REQUIRED WORK – Word for word, copy the records and drop the pictures.

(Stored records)
————————

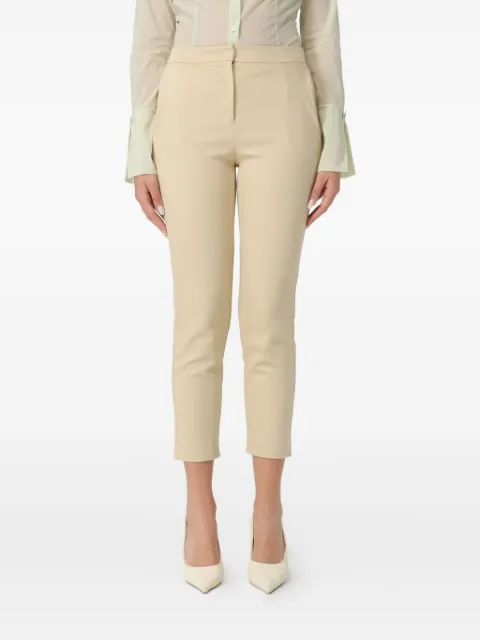 Patrizia Pepe appliqué trousers Neutrals 8P0699A543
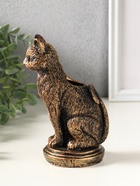 Подсвечник "Кошка" 17х10х8 см, бронза - фото 809624143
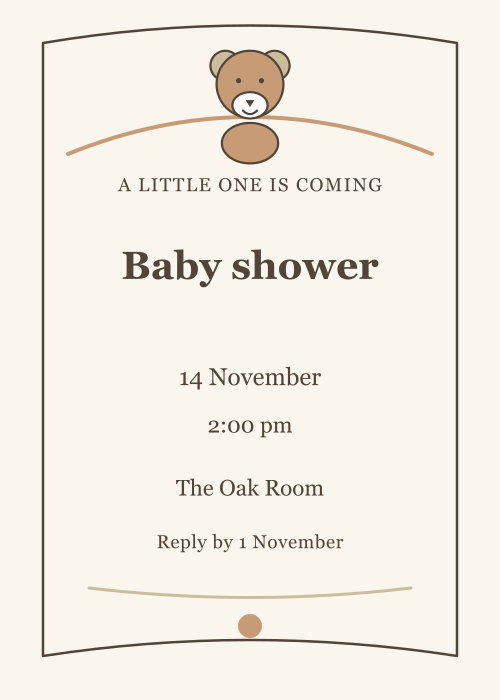 Teddy Nursery Storybook editable design preview
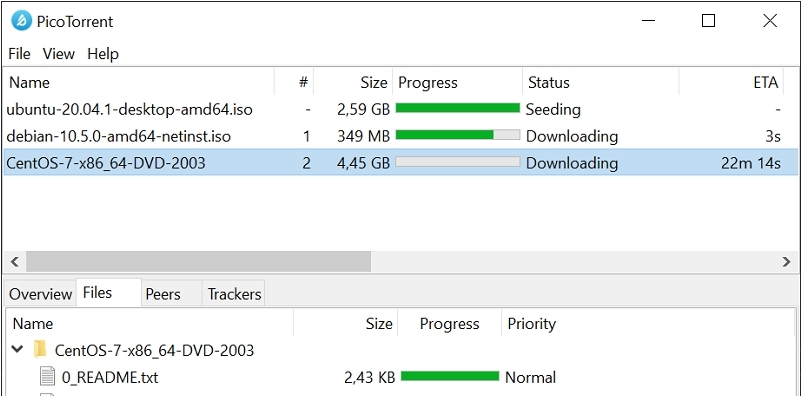 PicoTorrent v0.25.3 PicoTorrent v0.25.3
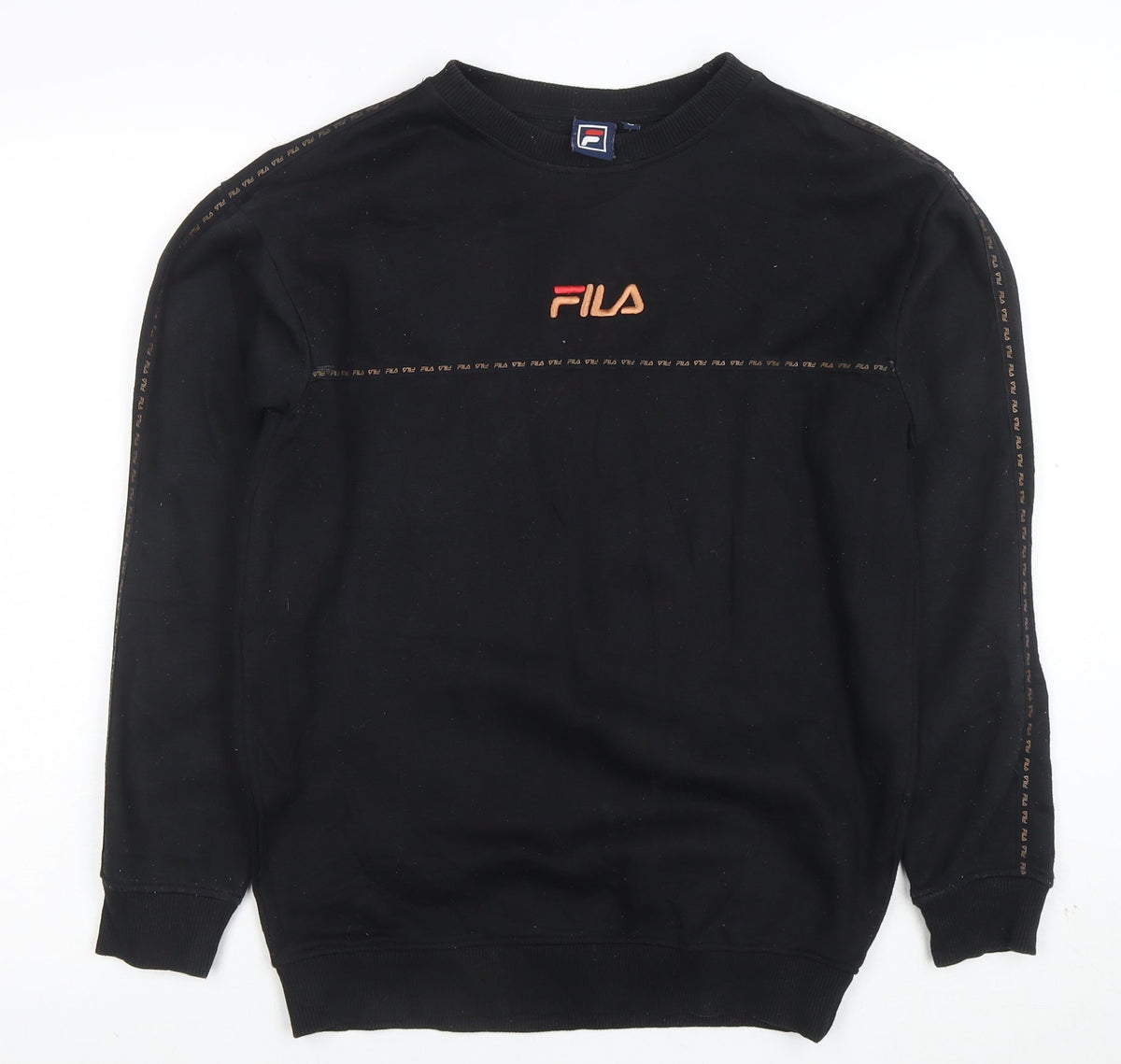 Fila Men's Black Small Logo Pullover Sweatshirt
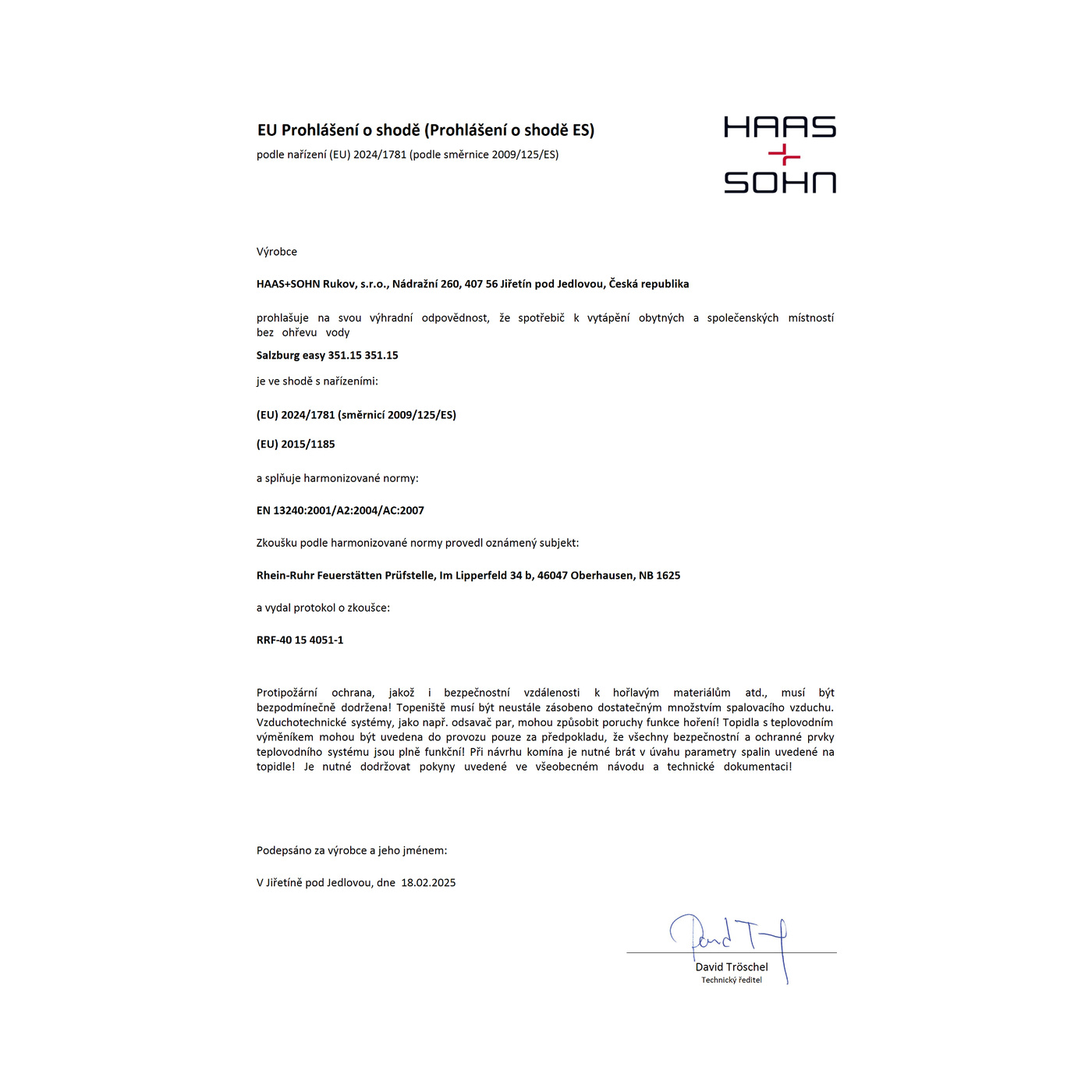 HAAS+SOHN - Kaminofen HAAS+SOHN SALZBURG - I LOVE ELEKTRO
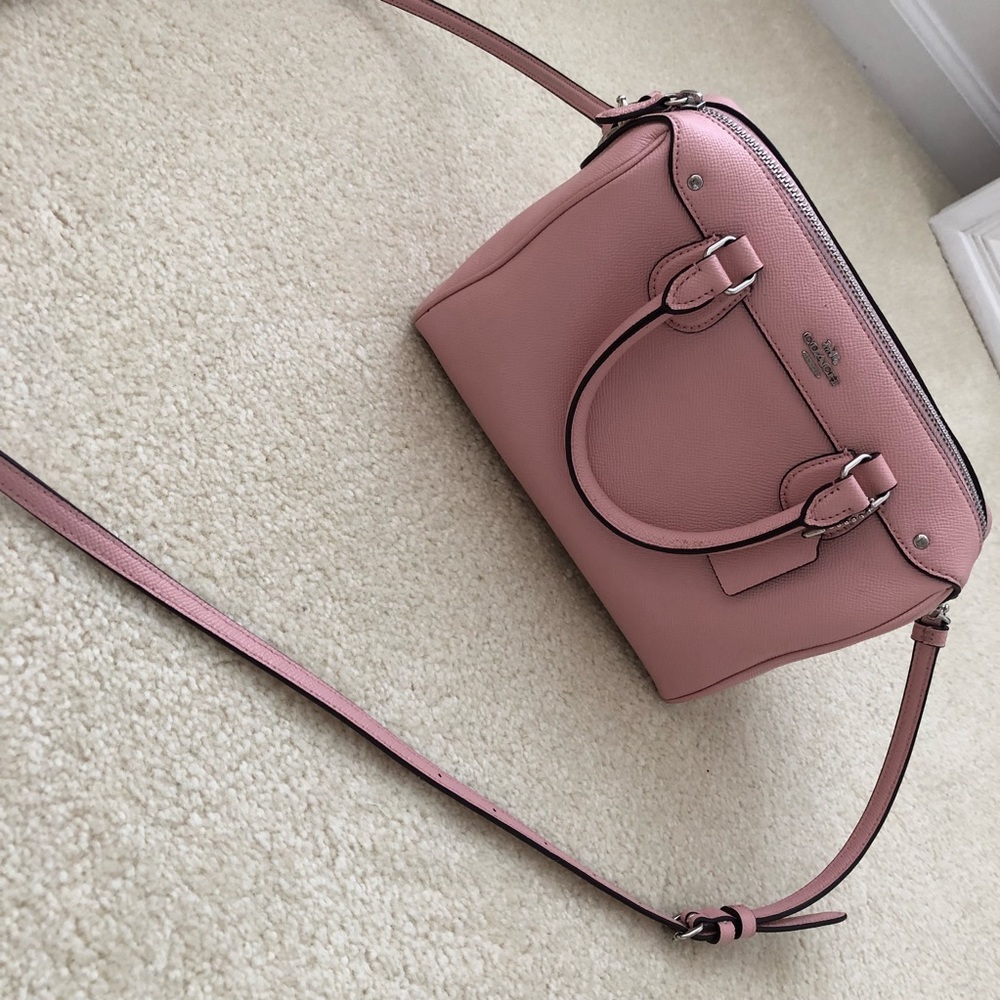 Pink coach purse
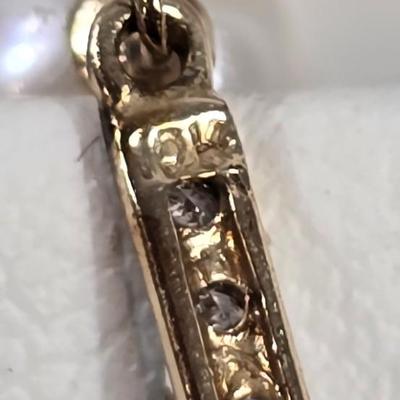 Lot 48: 10k Gold Earrings with Stone - 2g
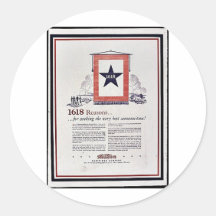 1618 Reasons For Making The Very Best Ammunition Round Sticker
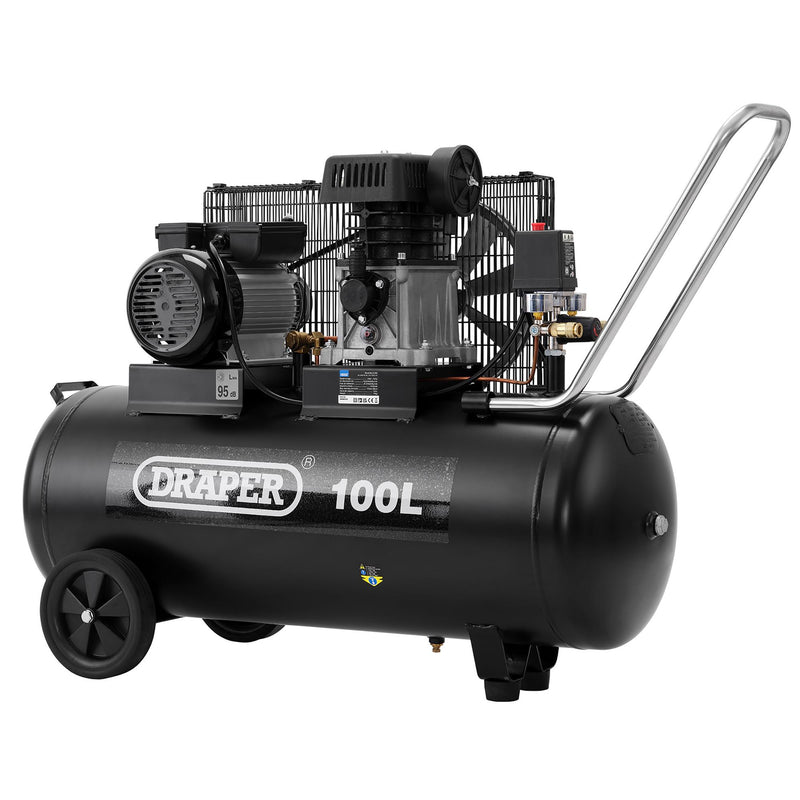 DR-31254 — 230V 100L Belt-Driven Air Compressor, 2.2kW/3HP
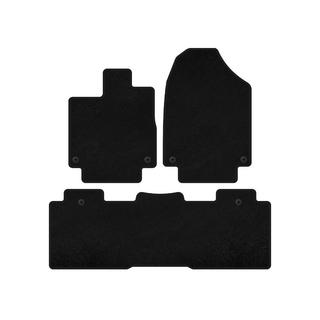 Deluxe Textile Floor Mats (2 Rows, Black) photo 1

————————

EXERCISE OUTPUT –
 Patrizia Pepe appliqué trousers Neutrals 8P0699A543
 Подсвечник "Кошка" 17х10х8 см, бронза - фото 809624143
 Teddy Nursery Storybook editable design preview
 PicoTorrent v0.25.3 PicoTorrent v0.25.3
 Fila Men's Black Small Logo Pullover Sweatshirt
 HAAS+SOHN - Kaminofen HAAS+SOHN SALZBURG - I LOVE ELEKTRO
 Pink coach purse
 Lot 48: 10k Gold Earrings with Stone - 2g
 1618 Reasons For Making The Very Best Ammunition Round Sticker
 DR-31254 — 230V 100L Belt-Driven Air Compressor, 2.2kW/3HP
 Deluxe Textile Floor Mats (2 Rows, Black) photo 1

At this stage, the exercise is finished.